TASK REQUIREMENTS:
Return exactly the listing's lines, from its first line to the line holding "Victoria Beckham Cosmetic Bag", ends included.

DATA FOR THIS EXERCISE:
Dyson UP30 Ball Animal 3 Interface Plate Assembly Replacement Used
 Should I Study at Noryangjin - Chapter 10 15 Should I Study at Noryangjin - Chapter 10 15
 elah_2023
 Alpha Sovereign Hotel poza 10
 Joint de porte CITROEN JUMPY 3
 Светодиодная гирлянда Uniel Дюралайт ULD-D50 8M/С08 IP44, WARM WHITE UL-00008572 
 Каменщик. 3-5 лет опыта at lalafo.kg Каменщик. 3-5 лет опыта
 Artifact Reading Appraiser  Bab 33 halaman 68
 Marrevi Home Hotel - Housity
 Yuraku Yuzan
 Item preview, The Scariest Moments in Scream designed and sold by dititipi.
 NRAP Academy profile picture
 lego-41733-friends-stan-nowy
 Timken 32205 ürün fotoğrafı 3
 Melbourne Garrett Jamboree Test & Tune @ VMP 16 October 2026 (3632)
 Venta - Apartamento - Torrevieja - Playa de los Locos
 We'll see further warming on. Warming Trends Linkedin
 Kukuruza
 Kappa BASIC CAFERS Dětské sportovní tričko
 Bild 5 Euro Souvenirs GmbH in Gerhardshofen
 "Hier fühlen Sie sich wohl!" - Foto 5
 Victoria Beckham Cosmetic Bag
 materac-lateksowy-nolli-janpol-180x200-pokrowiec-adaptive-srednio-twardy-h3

SOLUTION:
Dyson UP30 Ball Animal 3 Interface Plate Assembly Replacement Used
 Should I Study at Noryangjin - Chapter 10 15 Should I Study at Noryangjin - Chapter 10 15
 elah_2023
 Alpha Sovereign Hotel poza 10
 Joint de porte CITROEN JUMPY 3
 Светодиодная гирлянда Uniel Дюралайт ULD-D50 8M/С08 IP44, WARM WHITE UL-00008572 
 Каменщик. 3-5 лет опыта at lalafo.kg Каменщик. 3-5 лет опыта
 Artifact Reading Appraiser  Bab 33 halaman 68
 Marrevi Home Hotel - Housity
 Yuraku Yuzan
 Item preview, The Scariest Moments in Scream designed and sold by dititipi.
 NRAP Academy profile picture
 lego-41733-friends-stan-nowy
 Timken 32205 ürün fotoğrafı 3
 Melbourne Garrett Jamboree Test & Tune @ VMP 16 October 2026 (3632)
 Venta - Apartamento - Torrevieja - Playa de los Locos
 We'll see further warming on. Warming Trends Linkedin
 Kukuruza
 Kappa BASIC CAFERS Dětské sportovní tričko
 Bild 5 Euro Souvenirs GmbH in Gerhardshofen
 "Hier fühlen Sie sich wohl!" - Foto 5
 Victoria Beckham Cosmetic Bag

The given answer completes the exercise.